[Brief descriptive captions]
Content starts

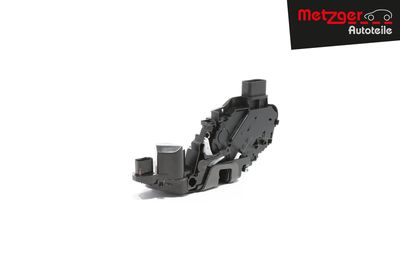 INCUIETOARE USA METZGER AUTOTEILE 2314227 18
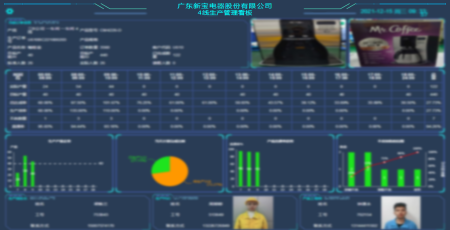 ϣwilliamhill(й)Ĺٷվ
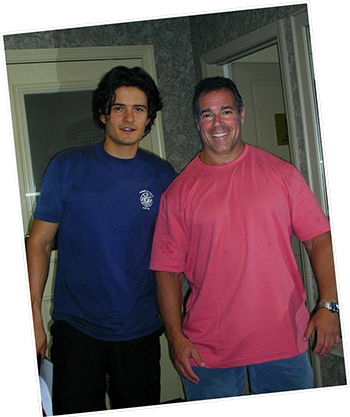 orlando_bloom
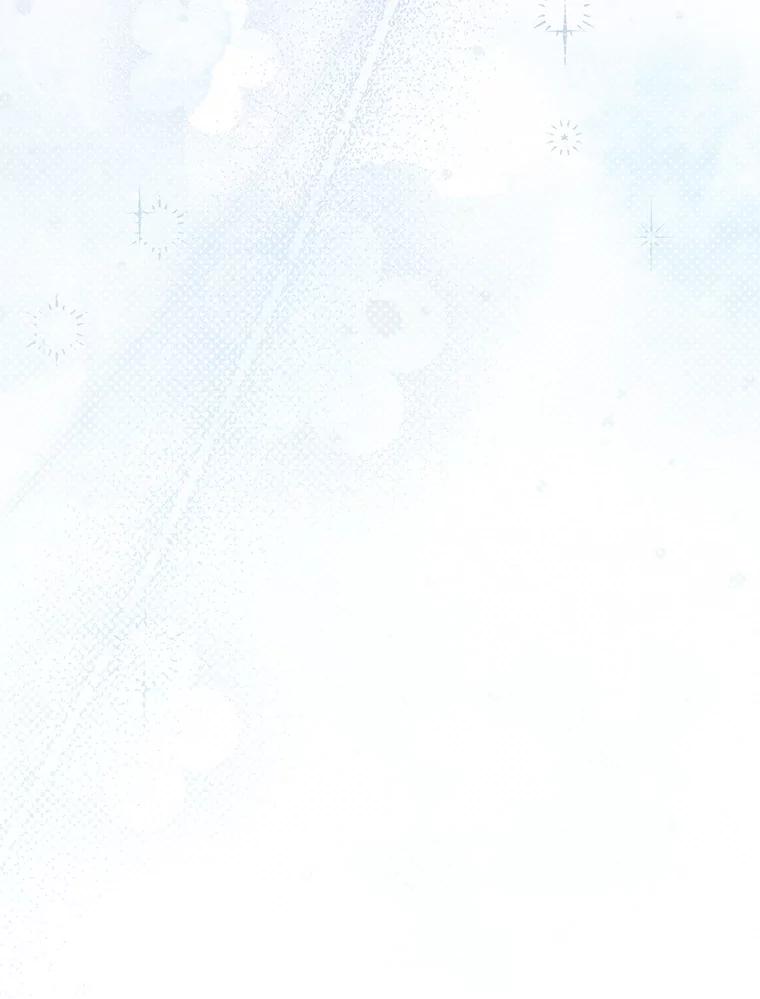 《这次要好好养妹妹》46.契约 第19页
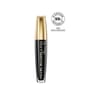 L'oréal mascara volume millions de cils baume noir 01 noir
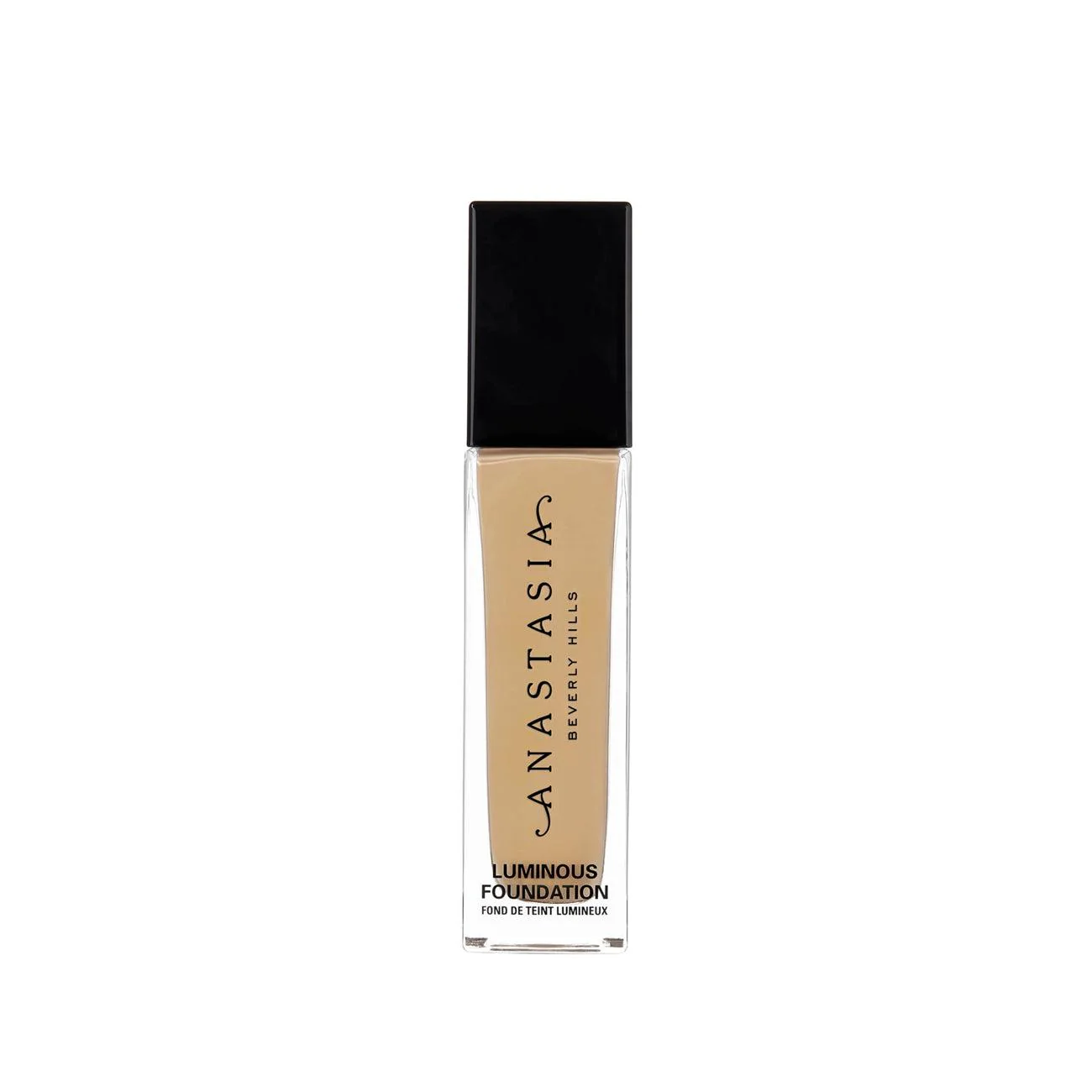 Luminous Foundation - Image 25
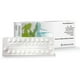 thumbnail image 1 of Sibilla 21 tabletas 2.00 mg / 0.03 mg, 1 of 4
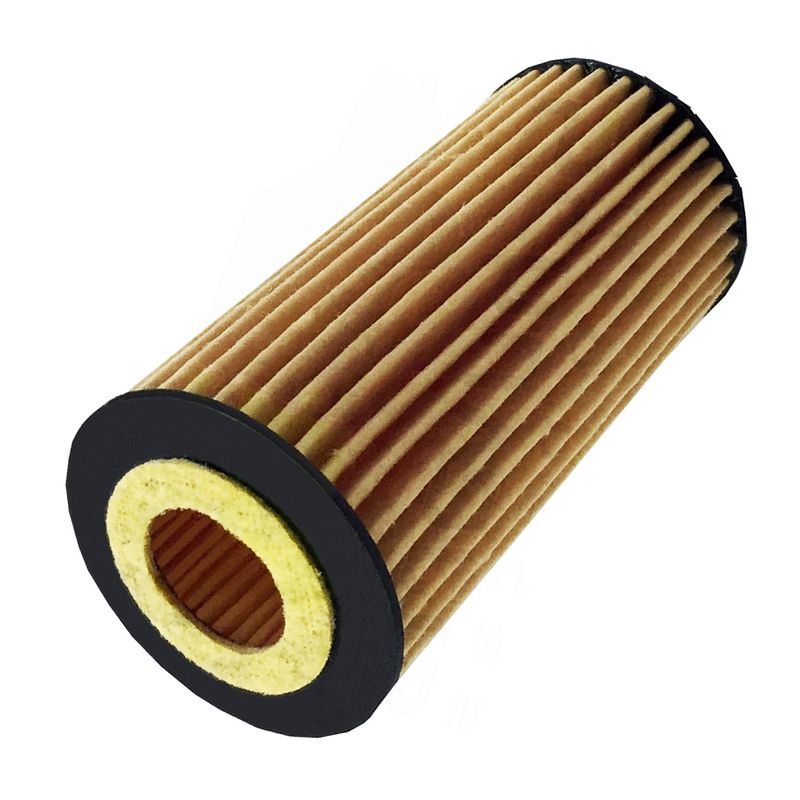 Filtro-De-Oleo-Lubrificante-Pel680-Tecfil Filtro-De-Oleo-Lubrificante-Pel680-Tecfil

Content ends

=== WHAT YOU ARE ASKED TO DO ===
Rewrite the data above exactly as given, but omit the images.

=== REPLY TO THE EXERCISE ===
 INCUIETOARE USA METZGER AUTOTEILE 2314227 18
 ϣwilliamhill(й)Ĺٷվ
 orlando_bloom
 《这次要好好养妹妹》46.契约 第19页
 L'oréal mascara volume millions de cils baume noir 01 noir
 Luminous Foundation - Image 25
 thumbnail image 1 of Sibilla 21 tabletas 2.00 mg / 0.03 mg, 1 of 4
 Filtro-De-Oleo-Lubrificante-Pel680-Tecfil Filtro-De-Oleo-Lubrificante-Pel680-Tecfil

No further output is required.